### WORK INSTRUCTIONS
Write out all of the entries that follow, word for word, but skip the pictures.

### Image-caption web data
________
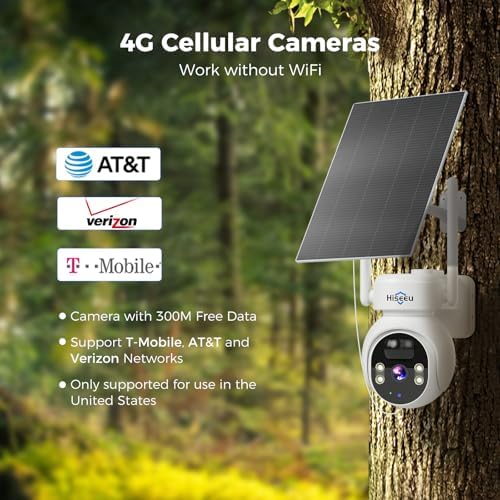 Hiseeu 4G LTE Cellular Security Camera Solar Powered, No WiFi Security Camera Wireless Outdoor, 24/7, PIR Motion, 2 Way Talk, 360° PT, 2K Color Night Vision, 64G SD & SIM Card Included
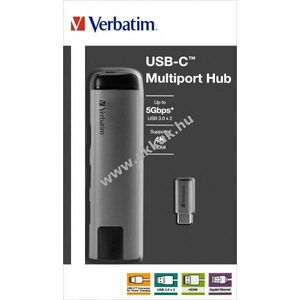 Verbatim USB-C multiport hub 2x USB3.0 HDMI 4K RJ45 Gigabit USB-C töltés 15cm kép
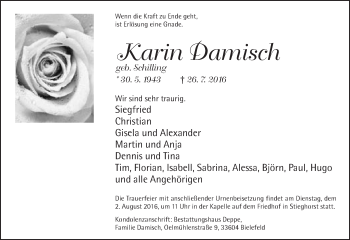 Traueranzeige von Karin Damisch von Neue Westfälische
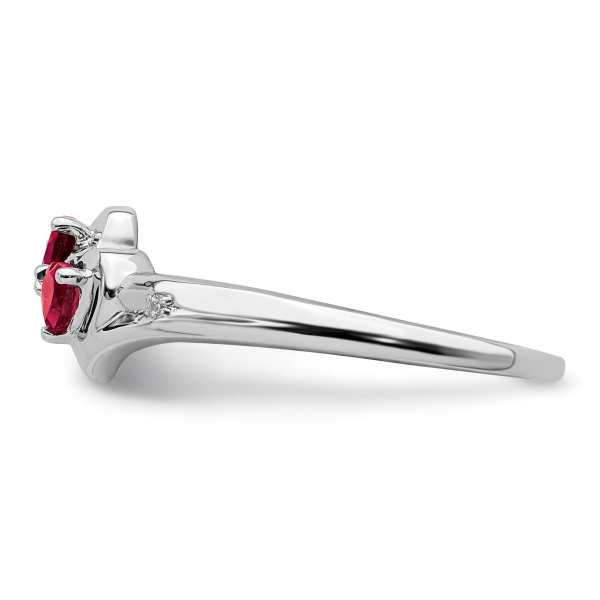 14K White Gold Created Red Ruby Diamond 2 Stone Heart Ring Love Band July ... - Picture 13 of 100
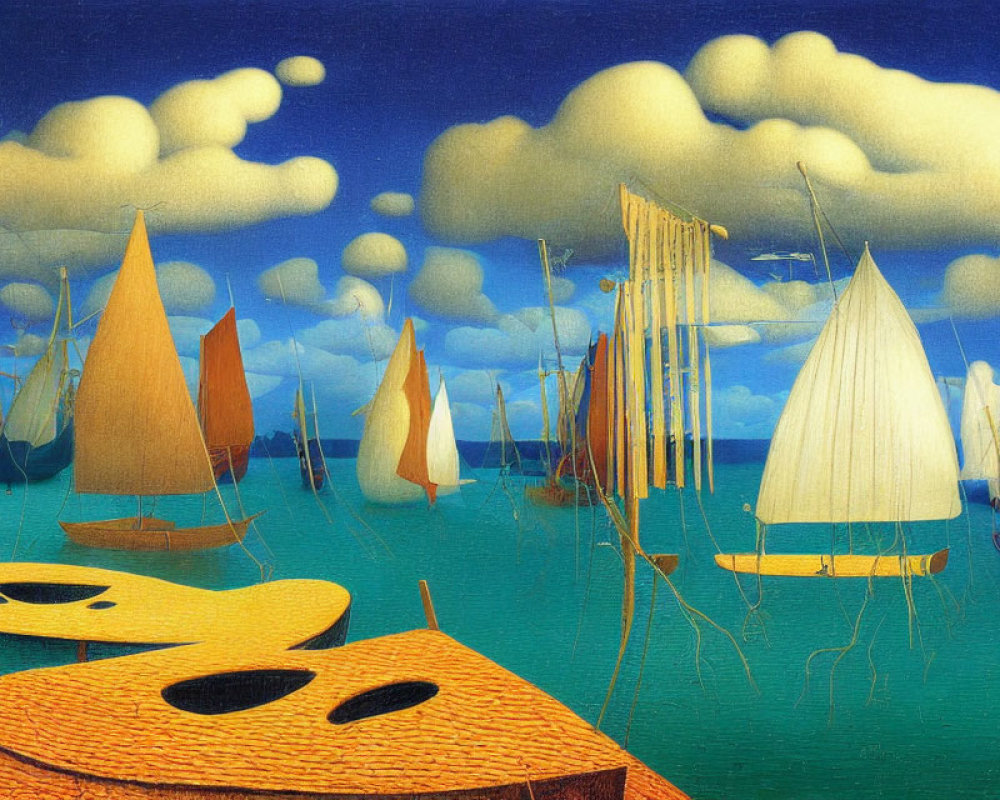 Colorful Sailboats Painting with Surreal Violin Dockyards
________
### EXERCISE ANSWER
 Hiseeu 4G LTE Cellular Security Camera Solar Powered, No WiFi Security Camera Wireless Outdoor, 24/7, PIR Motion, 2 Way Talk, 360° PT, 2K Color Night Vision, 64G SD & SIM Card Included
 Verbatim USB-C multiport hub 2x USB3.0 HDMI 4K RJ45 Gigabit USB-C töltés 15cm kép
 Traueranzeige von Karin Damisch von Neue Westfälische
 14K White Gold Created Red Ruby Diamond 2 Stone Heart Ring Love Band July ... - Picture 13 of 100
 Colorful Sailboats Painting with Surreal Violin Dockyards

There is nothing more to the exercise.